The music industry has never stopped extracting from artists. It just got better at hiding it.

The old model was loud and obvious. Labels signed talent, owned masters, controlled distribution, took the majority of revenue, and cycled through to the next one when an artist’s commercial shelf life expired. Artists were products with heartbeats. The exploitation required no subtlety because the power imbalance required no justification. The question was never whether the system was built for artists. It was whether you were talented enough, desperate enough, or connected enough to survive it.

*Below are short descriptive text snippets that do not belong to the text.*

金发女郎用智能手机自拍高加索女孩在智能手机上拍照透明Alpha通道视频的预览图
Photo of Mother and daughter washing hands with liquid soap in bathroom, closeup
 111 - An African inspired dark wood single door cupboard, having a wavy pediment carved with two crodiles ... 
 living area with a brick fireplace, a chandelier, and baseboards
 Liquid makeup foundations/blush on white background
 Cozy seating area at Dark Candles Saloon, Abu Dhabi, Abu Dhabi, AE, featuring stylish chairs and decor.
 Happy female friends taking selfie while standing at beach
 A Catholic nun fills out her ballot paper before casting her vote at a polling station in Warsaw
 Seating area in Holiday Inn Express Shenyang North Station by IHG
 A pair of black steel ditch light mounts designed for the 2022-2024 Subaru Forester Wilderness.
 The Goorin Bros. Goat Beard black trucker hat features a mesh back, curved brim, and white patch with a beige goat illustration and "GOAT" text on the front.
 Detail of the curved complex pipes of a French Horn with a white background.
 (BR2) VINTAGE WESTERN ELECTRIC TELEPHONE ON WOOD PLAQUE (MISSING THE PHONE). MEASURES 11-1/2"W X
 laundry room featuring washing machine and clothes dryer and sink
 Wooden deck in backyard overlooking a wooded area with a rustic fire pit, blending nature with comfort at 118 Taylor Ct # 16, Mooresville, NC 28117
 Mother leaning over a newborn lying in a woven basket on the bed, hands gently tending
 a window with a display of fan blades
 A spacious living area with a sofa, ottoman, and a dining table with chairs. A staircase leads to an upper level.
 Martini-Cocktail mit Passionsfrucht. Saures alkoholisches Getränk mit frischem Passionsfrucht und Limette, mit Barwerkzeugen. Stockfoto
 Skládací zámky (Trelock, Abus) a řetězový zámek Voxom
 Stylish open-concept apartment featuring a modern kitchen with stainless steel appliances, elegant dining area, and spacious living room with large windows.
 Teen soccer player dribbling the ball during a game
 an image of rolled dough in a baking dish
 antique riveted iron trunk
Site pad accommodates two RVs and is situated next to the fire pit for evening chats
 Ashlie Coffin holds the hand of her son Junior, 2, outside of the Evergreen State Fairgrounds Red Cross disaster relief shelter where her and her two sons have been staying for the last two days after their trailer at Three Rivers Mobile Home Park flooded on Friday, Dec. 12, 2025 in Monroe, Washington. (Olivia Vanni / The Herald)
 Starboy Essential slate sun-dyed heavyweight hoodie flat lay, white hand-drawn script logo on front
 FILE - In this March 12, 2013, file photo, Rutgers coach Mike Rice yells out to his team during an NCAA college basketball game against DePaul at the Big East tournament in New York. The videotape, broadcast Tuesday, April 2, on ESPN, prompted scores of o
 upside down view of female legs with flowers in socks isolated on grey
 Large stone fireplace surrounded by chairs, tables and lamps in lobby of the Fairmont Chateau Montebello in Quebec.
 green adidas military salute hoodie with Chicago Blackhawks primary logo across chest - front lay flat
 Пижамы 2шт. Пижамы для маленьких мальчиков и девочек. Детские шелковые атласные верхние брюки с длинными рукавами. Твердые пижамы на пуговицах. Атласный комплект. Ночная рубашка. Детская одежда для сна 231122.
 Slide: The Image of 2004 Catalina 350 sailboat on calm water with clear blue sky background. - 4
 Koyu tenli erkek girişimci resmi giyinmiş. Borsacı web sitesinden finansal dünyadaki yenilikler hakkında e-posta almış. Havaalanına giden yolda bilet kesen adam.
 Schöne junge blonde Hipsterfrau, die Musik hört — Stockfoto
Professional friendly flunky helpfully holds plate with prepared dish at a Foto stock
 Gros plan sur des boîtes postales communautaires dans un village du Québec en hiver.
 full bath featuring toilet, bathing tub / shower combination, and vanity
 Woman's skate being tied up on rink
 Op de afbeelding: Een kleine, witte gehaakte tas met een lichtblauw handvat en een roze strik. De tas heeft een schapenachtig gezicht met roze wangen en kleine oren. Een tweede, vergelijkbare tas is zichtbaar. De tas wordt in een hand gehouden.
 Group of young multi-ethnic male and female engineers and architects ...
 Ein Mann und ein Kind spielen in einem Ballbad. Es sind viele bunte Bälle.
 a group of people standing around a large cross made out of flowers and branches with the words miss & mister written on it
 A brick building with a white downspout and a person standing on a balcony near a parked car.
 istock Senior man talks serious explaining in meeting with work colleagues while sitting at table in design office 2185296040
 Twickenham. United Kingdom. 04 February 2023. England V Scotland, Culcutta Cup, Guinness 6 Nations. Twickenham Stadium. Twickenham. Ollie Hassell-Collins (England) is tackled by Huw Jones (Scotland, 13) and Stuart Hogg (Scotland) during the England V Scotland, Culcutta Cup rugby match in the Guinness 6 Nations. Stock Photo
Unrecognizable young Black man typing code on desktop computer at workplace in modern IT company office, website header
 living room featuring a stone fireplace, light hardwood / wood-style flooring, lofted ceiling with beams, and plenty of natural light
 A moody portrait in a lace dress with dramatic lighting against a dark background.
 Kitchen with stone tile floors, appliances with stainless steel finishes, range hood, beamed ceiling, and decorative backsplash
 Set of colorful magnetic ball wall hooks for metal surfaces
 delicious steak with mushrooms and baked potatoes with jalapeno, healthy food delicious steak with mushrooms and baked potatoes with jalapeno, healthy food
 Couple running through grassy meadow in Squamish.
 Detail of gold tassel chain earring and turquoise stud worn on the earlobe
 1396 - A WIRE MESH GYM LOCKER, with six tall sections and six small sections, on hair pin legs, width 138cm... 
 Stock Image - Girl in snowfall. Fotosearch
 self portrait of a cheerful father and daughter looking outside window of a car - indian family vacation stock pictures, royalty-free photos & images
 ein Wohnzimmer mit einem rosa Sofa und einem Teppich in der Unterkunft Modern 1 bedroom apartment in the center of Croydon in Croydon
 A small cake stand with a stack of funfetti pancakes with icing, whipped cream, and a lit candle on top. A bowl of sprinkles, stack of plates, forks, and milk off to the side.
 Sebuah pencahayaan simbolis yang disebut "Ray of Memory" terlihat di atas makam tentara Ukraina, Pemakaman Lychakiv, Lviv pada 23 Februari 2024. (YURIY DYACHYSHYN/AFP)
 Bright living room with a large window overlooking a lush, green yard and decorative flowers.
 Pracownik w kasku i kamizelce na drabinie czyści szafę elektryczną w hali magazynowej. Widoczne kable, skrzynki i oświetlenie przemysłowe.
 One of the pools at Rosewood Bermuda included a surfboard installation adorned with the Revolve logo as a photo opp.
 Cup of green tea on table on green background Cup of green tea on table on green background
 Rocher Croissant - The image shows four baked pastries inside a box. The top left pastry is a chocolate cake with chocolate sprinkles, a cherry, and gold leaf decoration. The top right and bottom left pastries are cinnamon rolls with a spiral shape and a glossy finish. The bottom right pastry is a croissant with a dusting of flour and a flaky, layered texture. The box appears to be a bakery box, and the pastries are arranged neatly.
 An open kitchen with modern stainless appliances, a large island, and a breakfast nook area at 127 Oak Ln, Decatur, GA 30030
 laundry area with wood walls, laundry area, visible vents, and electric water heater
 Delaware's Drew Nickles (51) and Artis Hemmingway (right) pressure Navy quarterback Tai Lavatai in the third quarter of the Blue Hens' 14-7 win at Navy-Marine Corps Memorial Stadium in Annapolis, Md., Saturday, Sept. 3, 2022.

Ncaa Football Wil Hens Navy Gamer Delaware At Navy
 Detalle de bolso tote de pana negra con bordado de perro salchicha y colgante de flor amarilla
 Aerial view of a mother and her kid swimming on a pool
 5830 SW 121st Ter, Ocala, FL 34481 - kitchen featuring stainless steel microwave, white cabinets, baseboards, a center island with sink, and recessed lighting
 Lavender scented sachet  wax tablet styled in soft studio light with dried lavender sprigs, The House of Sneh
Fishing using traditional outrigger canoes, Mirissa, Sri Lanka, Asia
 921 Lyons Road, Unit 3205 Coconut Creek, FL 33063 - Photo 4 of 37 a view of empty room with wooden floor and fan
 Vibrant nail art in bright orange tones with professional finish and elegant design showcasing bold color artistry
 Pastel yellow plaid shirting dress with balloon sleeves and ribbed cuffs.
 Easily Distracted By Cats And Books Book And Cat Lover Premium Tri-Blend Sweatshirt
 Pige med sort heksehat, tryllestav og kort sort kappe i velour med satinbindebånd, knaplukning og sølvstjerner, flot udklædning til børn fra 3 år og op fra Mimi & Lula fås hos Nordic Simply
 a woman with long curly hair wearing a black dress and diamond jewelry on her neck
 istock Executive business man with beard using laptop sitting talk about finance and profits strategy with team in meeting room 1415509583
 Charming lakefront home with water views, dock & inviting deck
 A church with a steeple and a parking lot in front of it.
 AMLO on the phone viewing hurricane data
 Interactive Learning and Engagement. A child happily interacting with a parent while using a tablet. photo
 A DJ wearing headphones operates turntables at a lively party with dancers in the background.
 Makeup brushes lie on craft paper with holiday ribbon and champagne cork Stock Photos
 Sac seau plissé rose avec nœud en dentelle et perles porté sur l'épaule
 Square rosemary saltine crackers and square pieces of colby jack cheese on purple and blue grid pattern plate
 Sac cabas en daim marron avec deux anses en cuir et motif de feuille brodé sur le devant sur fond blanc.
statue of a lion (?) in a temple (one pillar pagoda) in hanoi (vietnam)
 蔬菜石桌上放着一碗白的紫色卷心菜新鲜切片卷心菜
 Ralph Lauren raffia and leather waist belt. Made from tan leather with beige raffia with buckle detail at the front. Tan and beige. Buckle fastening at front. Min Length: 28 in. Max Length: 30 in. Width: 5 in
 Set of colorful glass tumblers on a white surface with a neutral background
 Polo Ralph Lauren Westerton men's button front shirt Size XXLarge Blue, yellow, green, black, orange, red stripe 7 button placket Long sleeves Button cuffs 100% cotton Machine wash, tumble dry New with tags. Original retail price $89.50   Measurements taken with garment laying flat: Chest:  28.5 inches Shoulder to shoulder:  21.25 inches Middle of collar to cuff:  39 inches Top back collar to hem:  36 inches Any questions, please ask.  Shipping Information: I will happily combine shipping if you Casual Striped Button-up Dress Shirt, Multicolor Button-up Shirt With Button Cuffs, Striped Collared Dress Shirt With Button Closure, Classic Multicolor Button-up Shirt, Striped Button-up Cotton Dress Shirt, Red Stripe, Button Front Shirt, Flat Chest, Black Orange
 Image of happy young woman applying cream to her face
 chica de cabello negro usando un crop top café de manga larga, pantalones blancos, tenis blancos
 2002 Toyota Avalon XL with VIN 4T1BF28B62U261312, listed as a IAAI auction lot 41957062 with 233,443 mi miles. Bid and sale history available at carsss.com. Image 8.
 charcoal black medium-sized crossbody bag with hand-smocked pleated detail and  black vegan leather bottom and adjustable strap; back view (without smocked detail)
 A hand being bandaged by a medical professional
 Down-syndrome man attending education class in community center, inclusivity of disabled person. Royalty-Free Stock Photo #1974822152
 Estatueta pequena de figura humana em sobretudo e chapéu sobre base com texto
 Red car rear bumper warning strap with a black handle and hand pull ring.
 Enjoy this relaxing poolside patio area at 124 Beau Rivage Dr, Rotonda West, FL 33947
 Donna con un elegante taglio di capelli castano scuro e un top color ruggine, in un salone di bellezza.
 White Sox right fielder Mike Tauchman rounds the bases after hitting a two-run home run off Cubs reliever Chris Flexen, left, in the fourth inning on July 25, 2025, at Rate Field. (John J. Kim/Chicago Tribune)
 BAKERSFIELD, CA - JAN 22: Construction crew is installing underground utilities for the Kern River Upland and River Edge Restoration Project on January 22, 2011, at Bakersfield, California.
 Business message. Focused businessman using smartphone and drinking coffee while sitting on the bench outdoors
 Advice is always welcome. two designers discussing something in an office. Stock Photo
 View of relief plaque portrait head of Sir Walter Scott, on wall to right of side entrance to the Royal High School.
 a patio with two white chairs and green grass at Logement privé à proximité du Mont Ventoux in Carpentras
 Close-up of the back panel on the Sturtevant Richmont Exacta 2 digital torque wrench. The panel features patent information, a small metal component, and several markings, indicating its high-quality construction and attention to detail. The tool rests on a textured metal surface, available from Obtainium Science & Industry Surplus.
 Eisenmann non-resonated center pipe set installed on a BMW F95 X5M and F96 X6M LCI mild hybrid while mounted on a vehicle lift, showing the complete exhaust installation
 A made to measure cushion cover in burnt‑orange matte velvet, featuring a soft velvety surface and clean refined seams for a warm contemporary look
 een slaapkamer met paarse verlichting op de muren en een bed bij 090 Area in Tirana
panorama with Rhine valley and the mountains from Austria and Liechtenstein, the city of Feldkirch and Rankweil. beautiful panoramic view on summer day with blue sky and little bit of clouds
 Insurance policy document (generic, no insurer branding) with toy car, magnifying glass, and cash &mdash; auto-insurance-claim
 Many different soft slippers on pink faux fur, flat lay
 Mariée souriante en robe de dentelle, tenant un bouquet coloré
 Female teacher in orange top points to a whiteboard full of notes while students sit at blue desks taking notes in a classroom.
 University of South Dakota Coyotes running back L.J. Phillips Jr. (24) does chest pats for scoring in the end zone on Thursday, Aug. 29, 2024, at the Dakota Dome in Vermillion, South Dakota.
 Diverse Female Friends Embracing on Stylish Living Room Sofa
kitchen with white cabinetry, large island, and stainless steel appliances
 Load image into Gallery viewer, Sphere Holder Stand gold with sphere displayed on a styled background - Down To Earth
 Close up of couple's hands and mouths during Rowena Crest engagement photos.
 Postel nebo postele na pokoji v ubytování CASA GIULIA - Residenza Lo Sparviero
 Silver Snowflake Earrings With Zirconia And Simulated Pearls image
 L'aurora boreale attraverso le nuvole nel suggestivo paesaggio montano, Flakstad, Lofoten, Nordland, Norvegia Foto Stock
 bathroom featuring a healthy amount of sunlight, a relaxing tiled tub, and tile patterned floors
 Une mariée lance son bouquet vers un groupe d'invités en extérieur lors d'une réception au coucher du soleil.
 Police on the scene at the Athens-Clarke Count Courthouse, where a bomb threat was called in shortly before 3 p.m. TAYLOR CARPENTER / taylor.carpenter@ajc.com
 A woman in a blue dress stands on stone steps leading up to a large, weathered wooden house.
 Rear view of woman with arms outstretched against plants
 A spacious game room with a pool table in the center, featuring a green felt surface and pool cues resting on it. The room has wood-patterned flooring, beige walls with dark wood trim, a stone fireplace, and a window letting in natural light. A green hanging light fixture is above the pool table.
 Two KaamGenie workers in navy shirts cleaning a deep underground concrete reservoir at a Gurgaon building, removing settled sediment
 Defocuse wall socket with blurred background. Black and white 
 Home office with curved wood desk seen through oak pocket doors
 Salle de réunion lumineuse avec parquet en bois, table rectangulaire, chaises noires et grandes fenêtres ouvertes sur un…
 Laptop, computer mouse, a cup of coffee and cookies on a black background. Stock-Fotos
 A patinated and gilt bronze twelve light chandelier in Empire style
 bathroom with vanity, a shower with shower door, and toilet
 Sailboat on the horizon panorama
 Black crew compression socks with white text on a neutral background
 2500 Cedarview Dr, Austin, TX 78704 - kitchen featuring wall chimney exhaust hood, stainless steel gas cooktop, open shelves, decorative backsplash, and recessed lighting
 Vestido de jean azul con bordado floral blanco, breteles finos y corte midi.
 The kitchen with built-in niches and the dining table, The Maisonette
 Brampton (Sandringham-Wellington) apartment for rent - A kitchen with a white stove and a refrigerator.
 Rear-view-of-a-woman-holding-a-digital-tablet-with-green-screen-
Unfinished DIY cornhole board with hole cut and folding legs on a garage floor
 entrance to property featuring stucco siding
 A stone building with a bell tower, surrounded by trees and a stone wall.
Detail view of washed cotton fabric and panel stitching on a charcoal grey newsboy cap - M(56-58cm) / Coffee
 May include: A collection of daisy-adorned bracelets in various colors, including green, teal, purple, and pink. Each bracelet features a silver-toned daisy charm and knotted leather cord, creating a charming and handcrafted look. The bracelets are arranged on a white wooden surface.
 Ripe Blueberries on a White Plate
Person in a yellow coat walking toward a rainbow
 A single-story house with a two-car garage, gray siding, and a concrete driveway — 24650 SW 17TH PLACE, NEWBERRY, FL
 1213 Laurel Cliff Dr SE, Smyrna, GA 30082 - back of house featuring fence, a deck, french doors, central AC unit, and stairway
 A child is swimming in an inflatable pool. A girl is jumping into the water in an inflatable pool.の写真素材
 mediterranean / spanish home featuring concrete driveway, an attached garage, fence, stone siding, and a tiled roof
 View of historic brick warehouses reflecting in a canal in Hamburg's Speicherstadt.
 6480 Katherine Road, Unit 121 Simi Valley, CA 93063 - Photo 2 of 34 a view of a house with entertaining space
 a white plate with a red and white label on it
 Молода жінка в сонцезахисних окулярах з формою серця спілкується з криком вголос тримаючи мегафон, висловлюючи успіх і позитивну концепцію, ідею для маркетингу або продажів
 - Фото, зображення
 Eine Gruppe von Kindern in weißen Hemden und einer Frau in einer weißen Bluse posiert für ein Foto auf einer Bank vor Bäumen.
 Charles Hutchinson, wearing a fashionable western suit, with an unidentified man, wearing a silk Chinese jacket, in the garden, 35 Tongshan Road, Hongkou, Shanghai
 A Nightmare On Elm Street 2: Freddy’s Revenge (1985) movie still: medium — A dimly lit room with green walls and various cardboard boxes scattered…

Then the internet arrived. Then came streaming and social media. For a moment, it looked like the walls were coming down. Artists could distribute directly. Fans could find music without radio gatekeeping. The old intermediaries seemed to be losing their grip.

But, no. They weren’t losing their grip. They were repositioning.



The Numbers Behind the Narrative


Universal Music Group posted full-year revenue of €11.83 billion (approximately $12.8 billion) in 2024. A 7.6% increase year over year. Its adjusted EBITDA hit €2.66 billion, up 13.8%. The company is not struggling. It is thriving. And understanding how it is thriving tells you everything about where power actually sits in the modern music economy.

The number that matters most —- catalog tracks. Music older than three years accounted for 66% of UMG’s recorded music revenue in 2024. In 2018, catalog and new releases were close to evenly split. By 2024, catalog had grown to nearly two-thirds of everything. UMG is effectively a real estate company whose property is the recorded history of popular music. The Beatles. ABBA. Bob Dylan. Amy Winehouse. Nirvana. It purchased Dylan’s master recordings in 2020 for a reported $300 million. And guess what? It keeps buying. That’s one revenue stream.

The other, newer one is more instructive.


Buying the Pipes

In December 2024, UMG’s Virgin Music Group announced the acquisition of Downtown Music Holdings for $775 million. Downtown was, on its face, a company built to serve independent artists and labels. It’s portfolio included CD Baby, one of the oldest and most widely used DIY distribution platforms in music, along with FUGA, a B2B distribution network serving over 1,000 independent rights holders including labels like Armada, Beggars, Domino, and Epitaph. Downtown also owned Songtrust, a publishing administration platform used widely across the indie sector, and Curve Royalties, a rights management software company.

The acquisition merged those assets —-FUGA, CD Baby, Songtrust, and others, with Virgin’s global distribution, marketing, neighboring rights, sync, royalties, and rights management capabilities.

The deal sparked immediate and intense concern across the independent sector, with more than 200 executives issuing warnings that further consolidation risked narrowing choice and concentrating leverage in ways the independent music economy could not sustain.

This is not a company buying artists. This is a company buying the roads artists use to reach audiences.

IMPALA, the European Independent Music Companies Association, called it “another land grab.” The Association of Independent Music said it represented “a continuing trend towards over-consolidation and reduction of independent routes to market.” The European Commission reviewed the deal for over fourteen months, a rare Phase II investigation, and approved it in February 2026 with one structural condition: UMG was required to divest Curve Royalties specifically because regulators determined that owning the royalty accounting platform would give UMG access to the private contractual and financial data of its independent competitors. Even after that required concession, IMPALA said the outcome “falls short.”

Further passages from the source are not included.